MST Development Corp. is about First Nations becoming 'powerful in our territories once again'

Credit to Author: Derrick Penner| Date: Tue, 04 Feb 2020 02:28:11 +0000

Land holdings of 65 hectares spread across the region make the First Nations-owned MST Development Corp. “the richest landowners in the city of Vancouver,” Tsleil-Waututh Chief Leah George-Wilson said to a Greater Vancouver Board of Trade audience Monday.

“Well, we were before you all came here” too, she reminded the developers, executives and professionals gathered for a more formal effort at engagement between the board of trade and the three First Nations behind MST.

A full house of more than 400 packed the Waterfront Ballroom at the Fairmont Waterfront Hotel for the event George-Wilson characterized as a step toward reconciliation as MST Development asserts itself as a force for development for the respective partners.

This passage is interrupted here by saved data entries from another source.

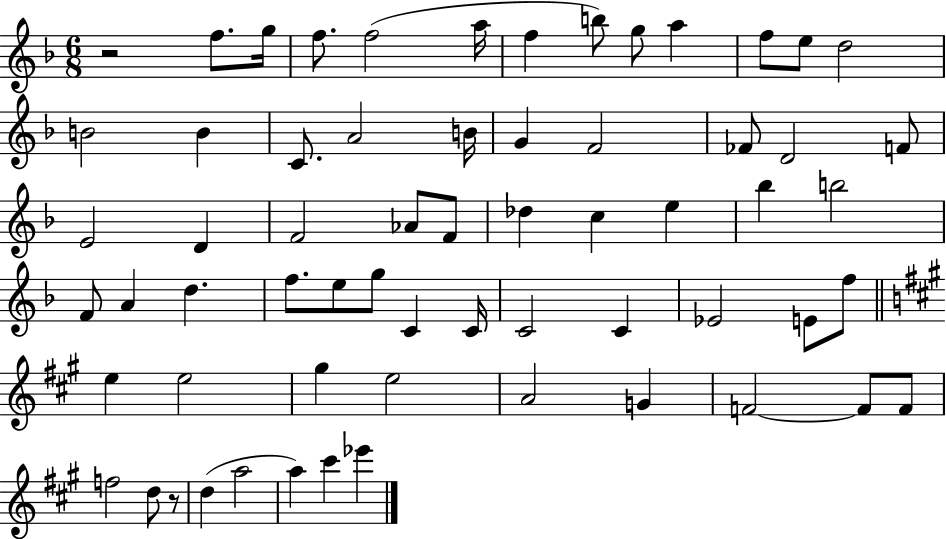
R/h F5/e. G5/s F5/e. F5/h A5/s F5/q B5/e G5/e A5/q F5/e E5/e D5/h B4/h B4/q C4/e. A4/h B4/s G4/q F4/h FES4/e D4/h F4/e E4/h D4/q F4/h Ab4/e F4/e Db5/q C5/q E5/q Bb5/q B5/h F4/e A4/q D5/q. F5/e. E5/e G5/e C4/q C4/s C4/h C4/q Eb4/h E4/e F5/e E5/q E5/h G#5/q E5/h A4/h G4/q F4/h F4/e F4/e F5/h D5/e R/e D5/q A5/h A5/q C#6/q Eb6/q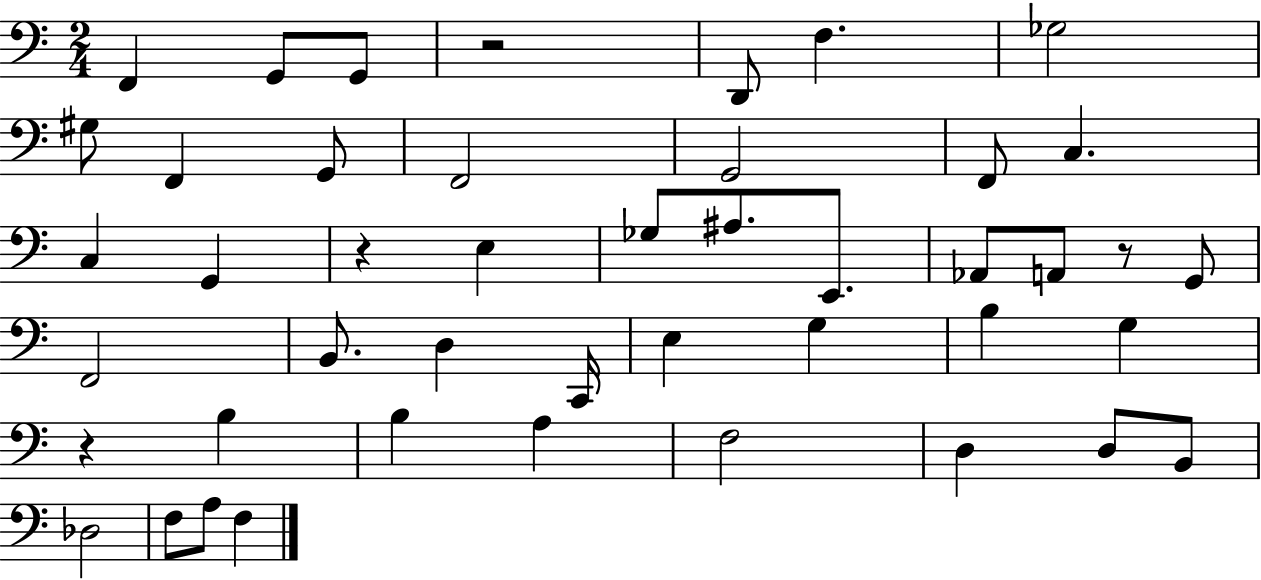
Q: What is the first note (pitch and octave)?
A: F2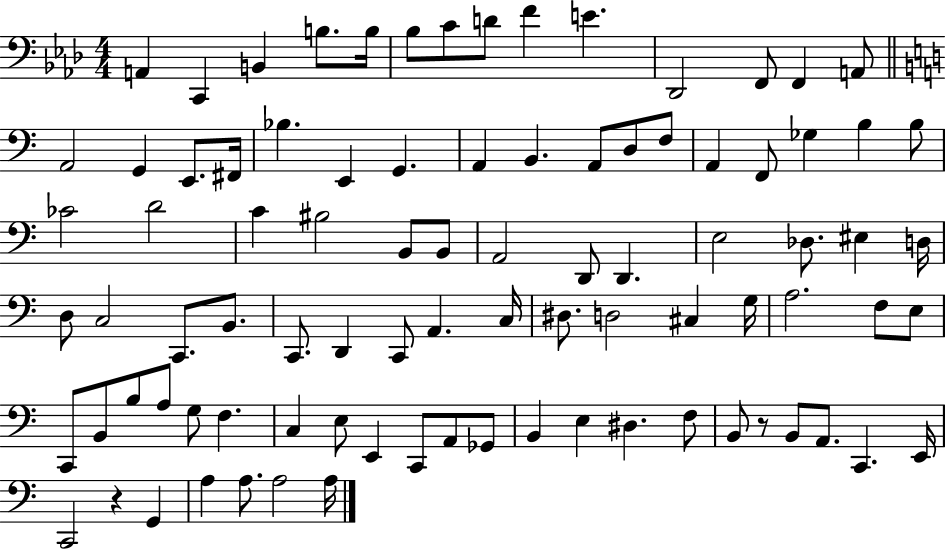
X:1
T:Untitled
M:4/4
L:1/4
K:Ab
A,, C,, B,, B,/2 B,/4 _B,/2 C/2 D/2 F E _D,,2 F,,/2 F,, A,,/2 A,,2 G,, E,,/2 ^F,,/4 _B, E,, G,, A,, B,, A,,/2 D,/2 F,/2 A,, F,,/2 _G, B, B,/2 _C2 D2 C ^B,2 B,,/2 B,,/2 A,,2 D,,/2 D,, E,2 _D,/2 ^E, D,/4 D,/2 C,2 C,,/2 B,,/2 C,,/2 D,, C,,/2 A,, C,/4 ^D,/2 D,2 ^C, G,/4 A,2 F,/2 E,/2 C,,/2 B,,/2 B,/2 A,/2 G,/2 F, C, E,/2 E,, C,,/2 A,,/2 _G,,/2 B,, E, ^D, F,/2 B,,/2 z/2 B,,/2 A,,/2 C,, E,,/4 C,,2 z G,, A, A,/2 A,2 A,/4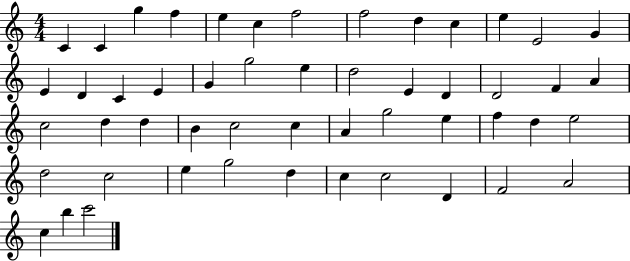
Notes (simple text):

C4/q C4/q G5/q F5/q E5/q C5/q F5/h F5/h D5/q C5/q E5/q E4/h G4/q E4/q D4/q C4/q E4/q G4/q G5/h E5/q D5/h E4/q D4/q D4/h F4/q A4/q C5/h D5/q D5/q B4/q C5/h C5/q A4/q G5/h E5/q F5/q D5/q E5/h D5/h C5/h E5/q G5/h D5/q C5/q C5/h D4/q F4/h A4/h C5/q B5/q C6/h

MST is a joint venture between the Musqueam, Squamish and Tsleil-Waututh. Each of them has either developed or embarked on real estate developments of their own, said Squamish Coun. Khelsilem, and MST offers the potential to play an even bigger role in partnership with non-Indigenous communities.

“MST is all about putting our faces on our territories,” George-Wilson said, “for people to understand that MST communities were here long before the city of Vancouver, Burnaby, North Vancouver or West Vancouver.”

For too many years, George-Wilson said, First Nations people weren’t “at the table” for discussions about what was going to occur on their land.”

“And I think this is the opportunity to bring us to the table and for all of the people to recognize and understand that we bring skills to the table. It’s the opportunities, the ultimate opportunity, for that recognition and reconciliation that both levels of government talk about putting into action,” she said.

Between MST being listed as No. 1 on Vancouver Magazine’s Power 50 list of most influential entities in the city and the Squamish launching its Senakw development, a 6,000-unit project that it wants to build in partnership with developer Westbank, or simply the province’s recognition of the UN Declaration on the Rights of Indigenous Peoples, Khelsilem said First Nations are gaining stature.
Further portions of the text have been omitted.